Problem requirements ::
Starting with the first line of the records, write out each line exactly until you have included the line containing "edema, which are".

#### Excerpted records

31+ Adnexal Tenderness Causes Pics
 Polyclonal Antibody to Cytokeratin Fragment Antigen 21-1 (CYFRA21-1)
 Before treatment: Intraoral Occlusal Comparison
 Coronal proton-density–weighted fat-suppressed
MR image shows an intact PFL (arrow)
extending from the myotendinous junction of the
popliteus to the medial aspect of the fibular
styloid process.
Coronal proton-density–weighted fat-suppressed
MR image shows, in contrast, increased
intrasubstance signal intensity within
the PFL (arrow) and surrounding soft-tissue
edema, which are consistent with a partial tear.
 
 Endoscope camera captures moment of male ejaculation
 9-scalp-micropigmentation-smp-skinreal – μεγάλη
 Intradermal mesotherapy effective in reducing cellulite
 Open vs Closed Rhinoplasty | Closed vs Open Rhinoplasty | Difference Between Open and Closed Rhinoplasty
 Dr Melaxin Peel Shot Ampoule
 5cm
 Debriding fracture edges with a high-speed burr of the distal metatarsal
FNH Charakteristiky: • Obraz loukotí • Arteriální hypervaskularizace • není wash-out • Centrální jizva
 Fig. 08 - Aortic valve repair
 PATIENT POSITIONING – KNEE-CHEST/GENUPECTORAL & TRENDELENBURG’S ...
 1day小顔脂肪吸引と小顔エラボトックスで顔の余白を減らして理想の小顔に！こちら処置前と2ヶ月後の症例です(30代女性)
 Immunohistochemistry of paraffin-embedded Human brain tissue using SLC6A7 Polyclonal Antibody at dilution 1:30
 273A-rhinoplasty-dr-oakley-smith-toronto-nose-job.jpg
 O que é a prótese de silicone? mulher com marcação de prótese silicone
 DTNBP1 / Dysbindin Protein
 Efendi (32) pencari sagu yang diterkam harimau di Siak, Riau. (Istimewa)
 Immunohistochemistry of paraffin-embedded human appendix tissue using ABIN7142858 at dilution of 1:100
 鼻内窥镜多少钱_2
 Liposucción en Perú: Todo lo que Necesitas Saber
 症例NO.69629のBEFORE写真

########

Task answer ::
31+ Adnexal Tenderness Causes Pics
 Polyclonal Antibody to Cytokeratin Fragment Antigen 21-1 (CYFRA21-1)
 Before treatment: Intraoral Occlusal Comparison
 Coronal proton-density–weighted fat-suppressed
MR image shows an intact PFL (arrow)
extending from the myotendinous junction of the
popliteus to the medial aspect of the fibular
styloid process.
Coronal proton-density–weighted fat-suppressed
MR image shows, in contrast, increased
intrasubstance signal intensity within
the PFL (arrow) and surrounding soft-tissue
edema, which are consistent with a partial tear.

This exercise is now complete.